Exactly as they appear, write the lines from the one containing "Horizon forbidden west" to the final line of the entries, leaving pictures out.

-- Available data follows --

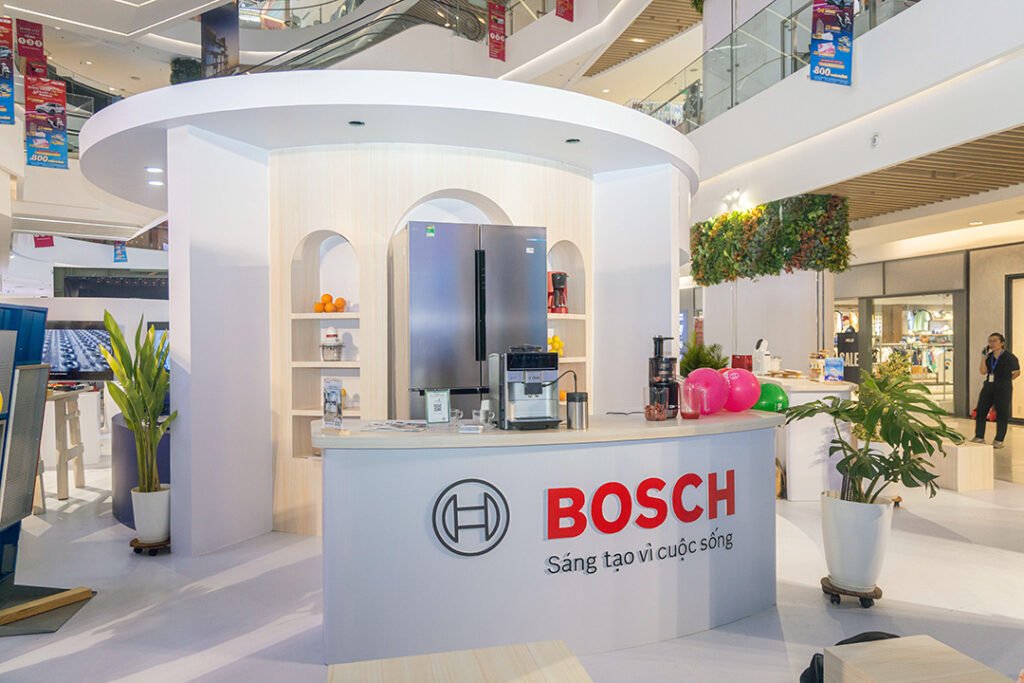 Bosch trình làng giải pháp công nghệ toàn diện nâng tầm chất lượng cuộc sống mọi lúc mọi nơi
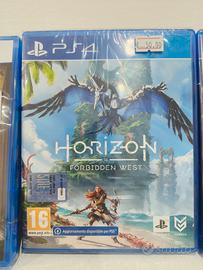 Horizon forbidden west nuovo sigillato PS4 ps5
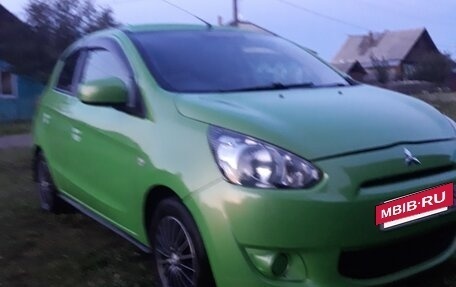 Mitsubishi Mirage VI рестайлинг, 2012 год, 500 000 рублей, 2 фотография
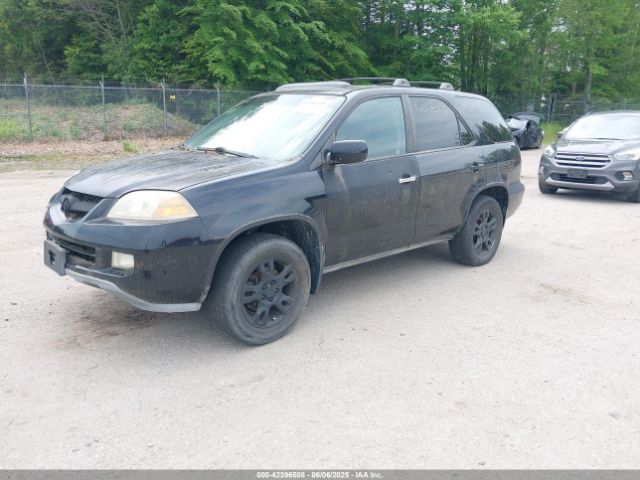 2005 ACURA MDX 2HNYD18775H542952 Photo 1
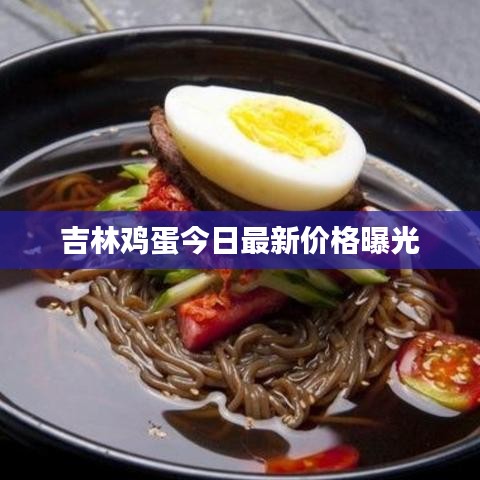 吉林鸡蛋今日最新价格曝光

-- Available data concluded --

* Written answer:
 Horizon forbidden west nuovo sigillato PS4 ps5
 Mitsubishi Mirage VI рестайлинг, 2012 год, 500 000 рублей, 2 фотография
 2005 ACURA MDX 2HNYD18775H542952 Photo 1
 吉林鸡蛋今日最新价格曝光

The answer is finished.